Stored data

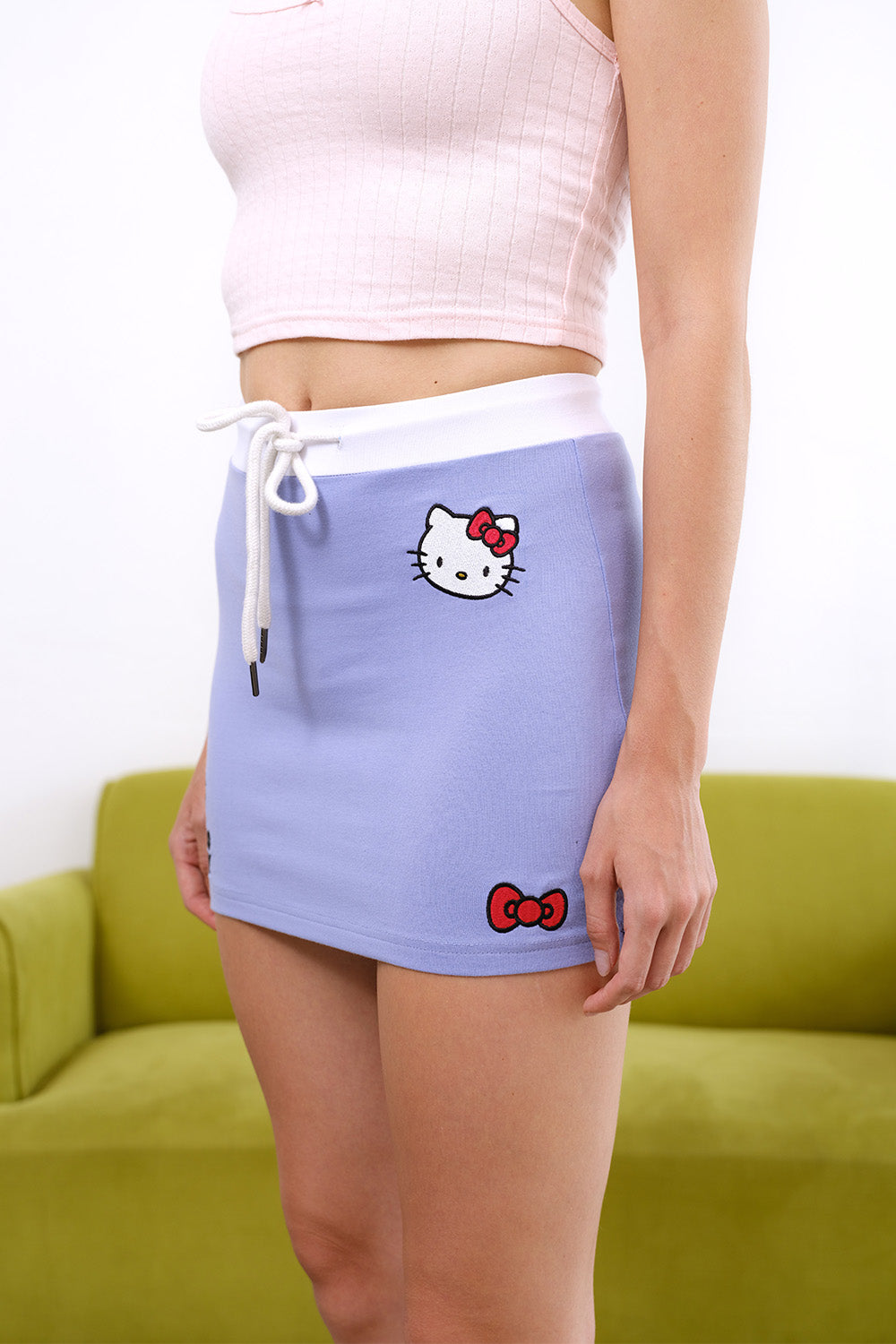Hello Kitty Periwinkle Skirt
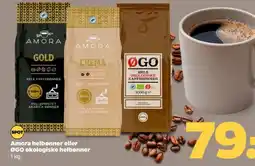 Netto Kaffebønner tilbud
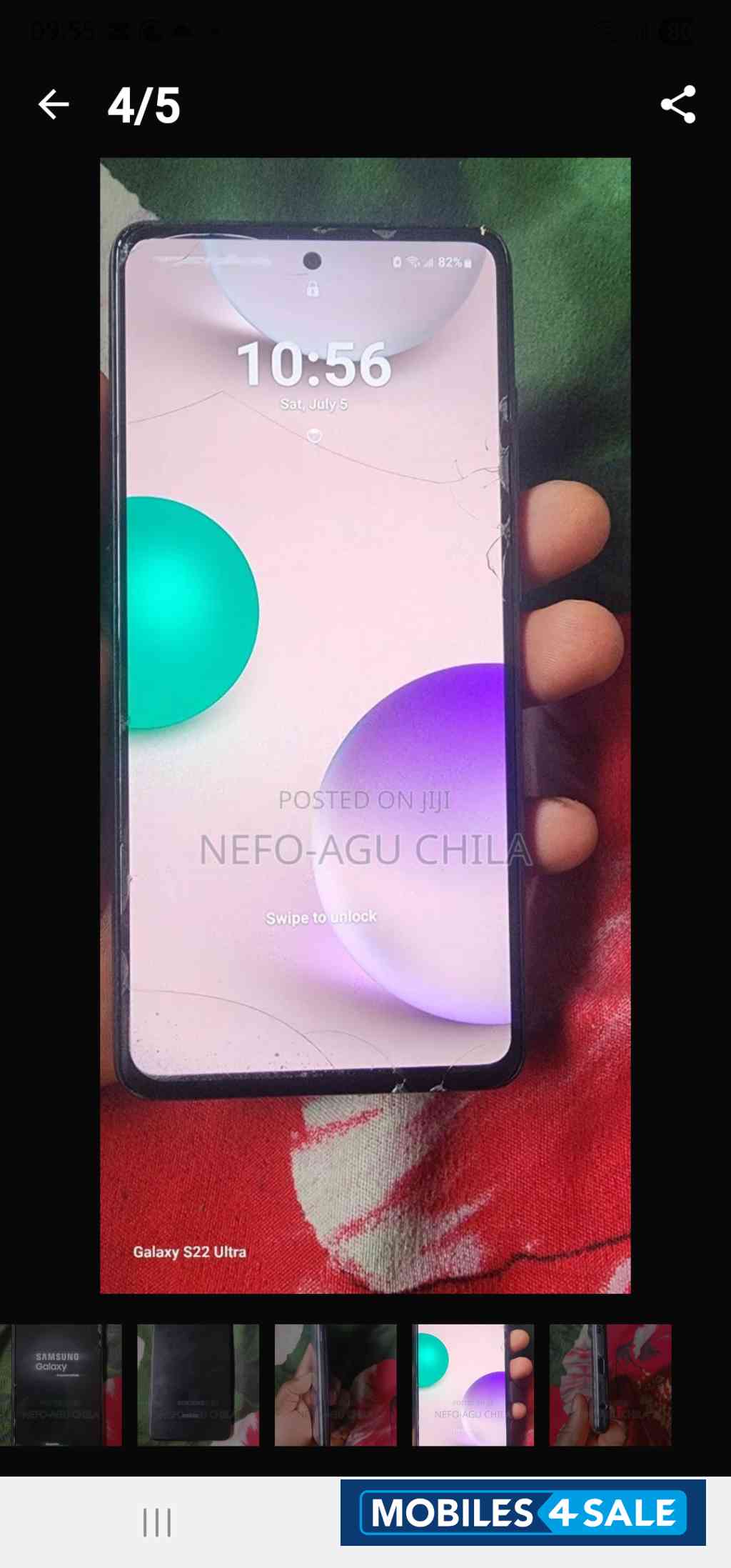 SAMSUNG GALAXY A52 5g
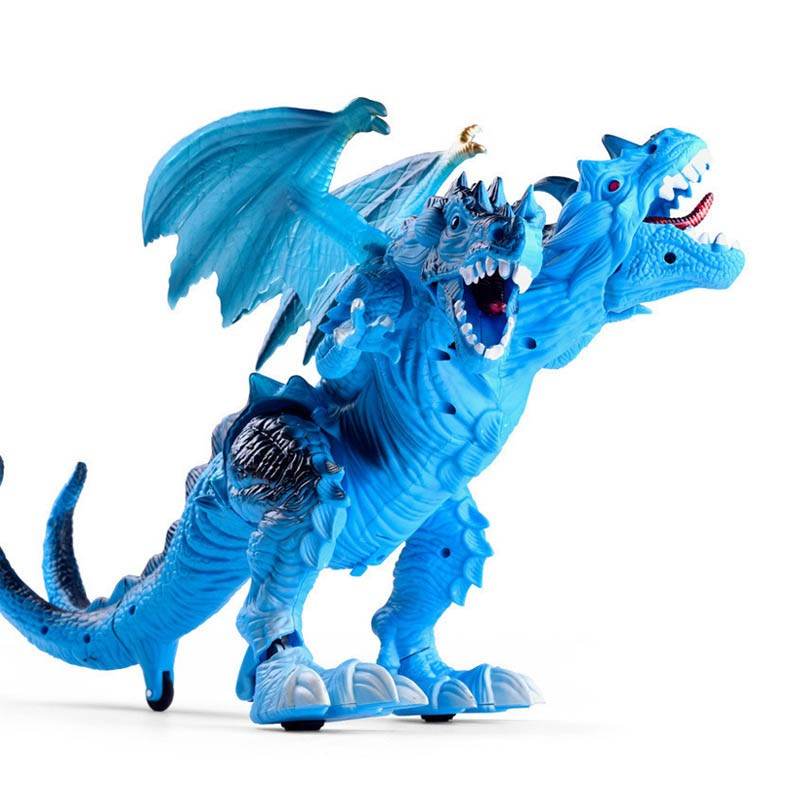 Dragón Electrónico Con Sonidos Luces Movimiento - venhogarsa.com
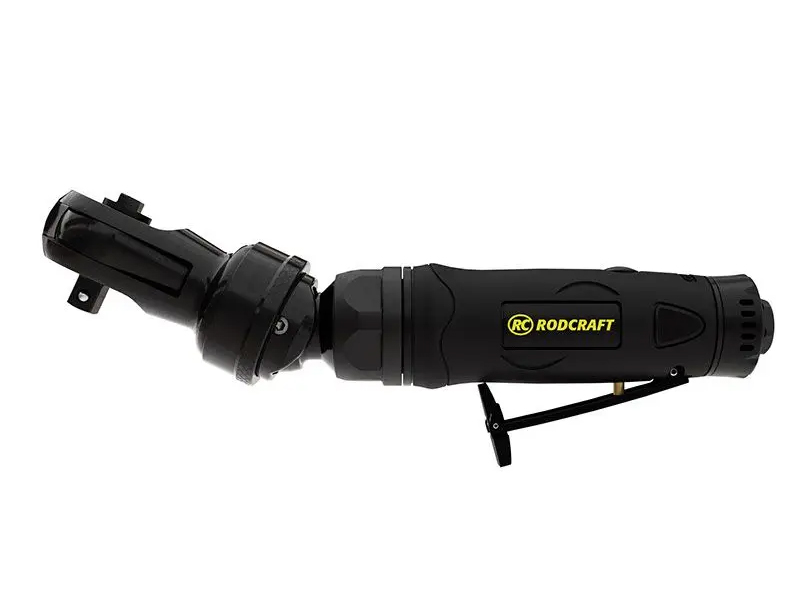 Cricchetto pneumatico Rodcraft RC3288 a testa flessibile, attacco 3/8" e coppia 80Nm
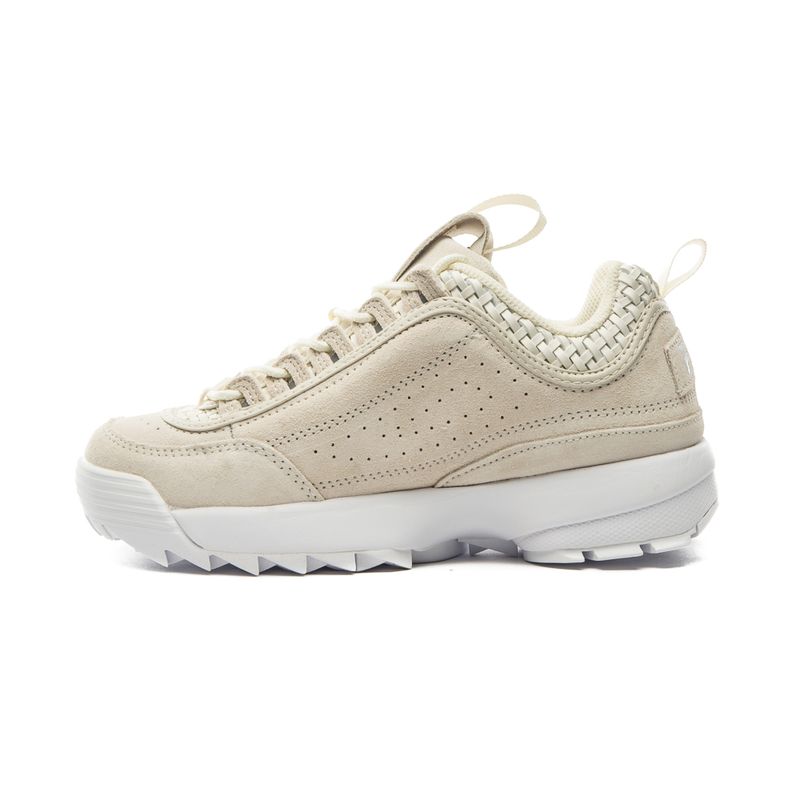 Fila disruptor hot sale feminino netshoes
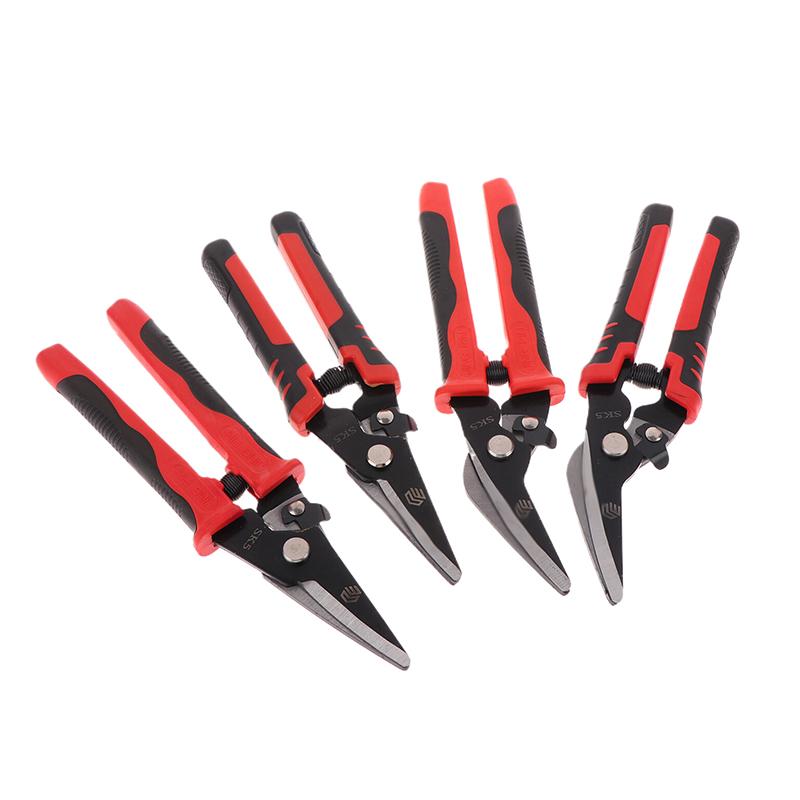 Aviation Scissor Snips Metal Sheet Snip Scissors Industrial Cutter Multipurpose Carpet Cutting Scissors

**Exercise aim**
For this exercise, transcribe the entries verbatim and skip all pictures.

**Output for this exercise**
Hello Kitty Periwinkle Skirt
 Netto Kaffebønner tilbud
 SAMSUNG GALAXY A52 5g
 Dragón Electrónico Con Sonidos Luces Movimiento - venhogarsa.com
 Cricchetto pneumatico Rodcraft RC3288 a testa flessibile, attacco 3/8" e coppia 80Nm
 Fila disruptor hot sale feminino netshoes
 Aviation Scissor Snips Metal Sheet Snip Scissors Industrial Cutter Multipurpose Carpet Cutting Scissors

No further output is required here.